Historic McDougall Memorial United Church, which burned to the ground in May 2017, will be restored.

The McDougall Stoney Mission Society administers the site, but the historic resource is controlled by the province. The province had not given permission to rebuild the church but that changed two weeks ago when the society was given the greenlight to proceed.

“In a couple of years I hope we all see the same church we remember and we see on photos worldwide of that iconic little white source that was sitting here” says McDougall Stoney Mission Society President Brenda McQueen.

 While the province gave permission to rebuild it did not offer any money.  The society is embarking on a fundraising campaign hoping to raise $700,000.  McQueen says the cost of restoring a 144-year-old building is high.  

“It needs to be exactly the same as it was so it needs to be the right wood,” says McQueen. “Everything will be much harder to find so it will be much harder to restore the church than to just re-build it from new.”

After the fire the society salvaged as much as possible hoping this day would come.

What remains of the structure is stored on site in a seacan. 

“It looked bad.  It looked really bad,” says Dave Chalmers of Chalmers Heritage Conservation Ltd.  “But there was still a fair bit that could be salvaged including 80 percent of the original log structure.”
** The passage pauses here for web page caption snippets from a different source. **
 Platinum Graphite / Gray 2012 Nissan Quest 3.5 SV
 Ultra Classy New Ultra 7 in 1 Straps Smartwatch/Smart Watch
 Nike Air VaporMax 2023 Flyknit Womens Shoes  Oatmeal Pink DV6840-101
The 144-year-old building had seen renovations over the years. The latest in 1985 and that’s how it will look after restoration but crews will start by building the original 1875 log structure and then proceed by adding layers to it to bring it up to what it looked like before the fire.

“It will be a chronological event happening you will be able to watch history as we are building this thing,” says Chalmers.
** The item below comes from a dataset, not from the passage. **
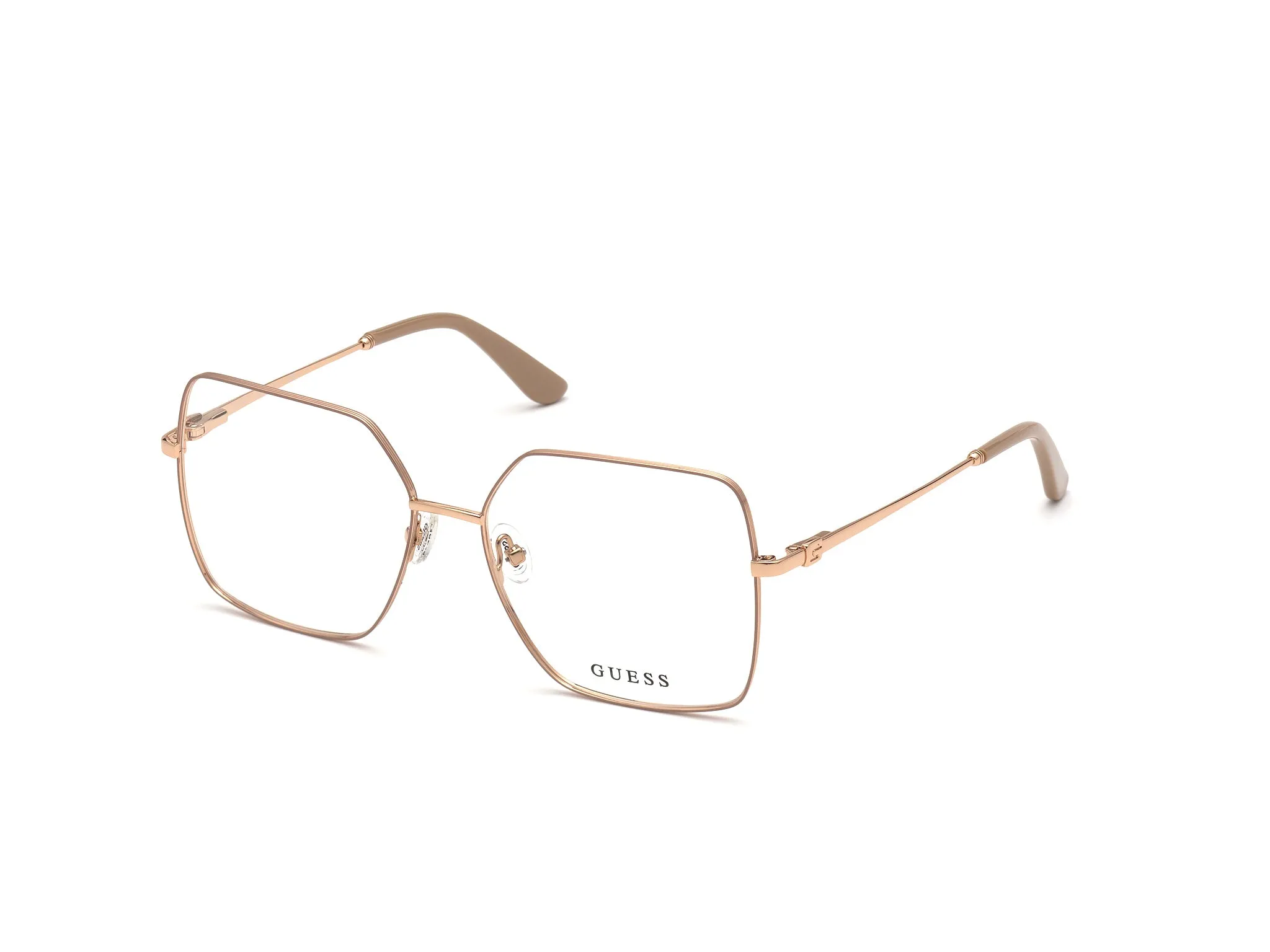 Guess GU2824 59 Montature da vista Metallo Beige Squadrata Normale - immagine 1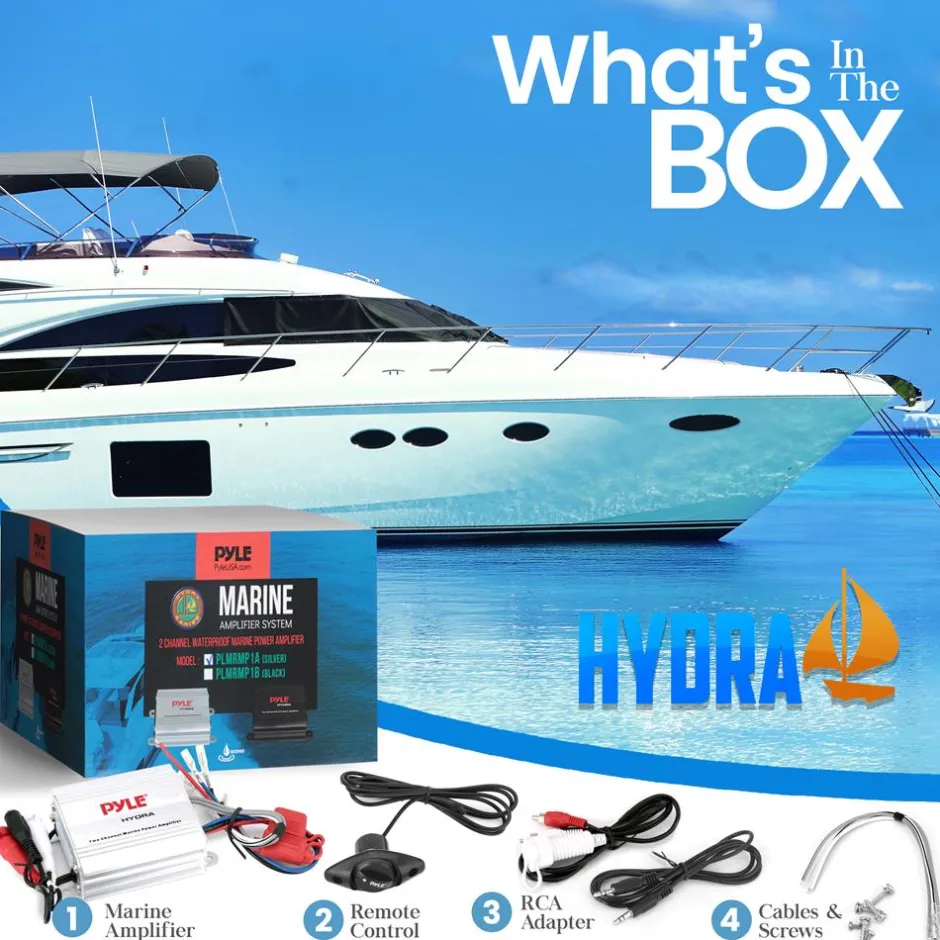 2-Ch. Waterproof Rated Marine Amplifier<Pyle Clearance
Rebuilding the church is also an opportunity to restore relations with nearby First Nations.  George McDougall, the church’s namesake had a good relationship with the Stoney Nation but in the century that followed relationship between the church and the Nation deteriorated.

Wesley band member Tony Snow, whose great-great-grandfather joined McDougall in signing Treaty 7 and says the restoration project will erase years of mistrust.

“The work of the Mcdougall church, the McDougall Society has been a beacon for that sort of reconciliation; to restore those old relationships, to rebuild what we had in order to go forward in a more positive way,” says Snow.